KHI said one in 20 or 5.8% of Kansas households didn’t have a computer, smartphone or tablet. But Kansans with a bachelor’s degree in college where eight times more likely to have a computer than Kansans who didn’t earn a high school diploma.

Of Kansans age 65 or older, one in 10 or 11.8% didn’t have a computer to access the web. KHI said one in 10 Kansas households, or 12%, lacked broadband service.

KHI developed an interactive digital divide dashboard to provide an overview of computer ownership and broadband availability in each of the state’s 105 counties. The dashboard, based on 2022 information from the U.S. Census Bureau, provided breakdowns by age, race, ethnicity, employment, education and income.

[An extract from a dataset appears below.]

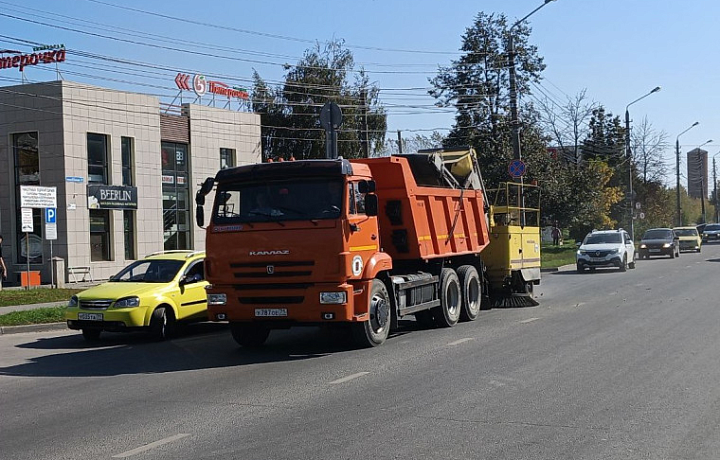 Около 80 единиц техники выйдет на уборку Тулы 17 сентября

For example, it revealed gaps among counties in terms of the percentage of households without a computer. A sample: Riley, 2.4%; Johnson, 2.8%; Sedgwick, 4.9%; Shawnee, 7.6%; as well as Jewell, 15.7%; Lincoln, 14.3%; Marshall and Neosho, 12%; Gove, 10.2%; and Wallace, 10%.

The dashboard chronicled county-by-county differences in broadband availability. The percentage without high-speed internet: Johnson, 5%; Riley, 9.5%; Sedgwick, 10.7%; Shawnee, 17.2%; as well as Lincoln, 26.2%; Gove, 24.2%; Jewell, 22.8%; Neosho, 19.6%; Marshall, 16.9%; and Wallace, 11.8%.

The challenge of responding to the state’s technological divide has been more difficult in rural communities due to insufficient infrastructure that elevated the cost of adding high-speed internet service.

Senate President Ty Masterson, R-Andover, said delivering broadband to rural communities was “critically important for those communities to thrive.”

To work toward closing the gap, the federal Affordable Connectivity Program operated from Dec. 31, 2021, to June 1. That program reduced the nation’s internet connectivity deficit by providing 23 million households with discounts on broadband services and computer purchases. An attempt to extend the federal initiative has been introduced in Congress, but not passed.

In 2023, Gov. Laura Kelly said Kansas received $452 million that would be dedicated to the Broadband Equity Access and Deployment program to expand broadband infrastructure in Kansas.

It followed the state’s 2020 commitment to provide $85 million over 10 years to the Broadband Acceleration Grant for benefit of Kansas communities, especially in economically distressed regions.

In July, Kelly said acceleration grants of $10 million were awarded to a dozen internet providers, and that investment would be paired with $12.7 million in matching funds, for benefit of 14 rural Kansas counties.

“Broadband drives innovation, unlocks potential and ensures everyone can participate in services essential for economic, educational and industrial growth,” Kelly said.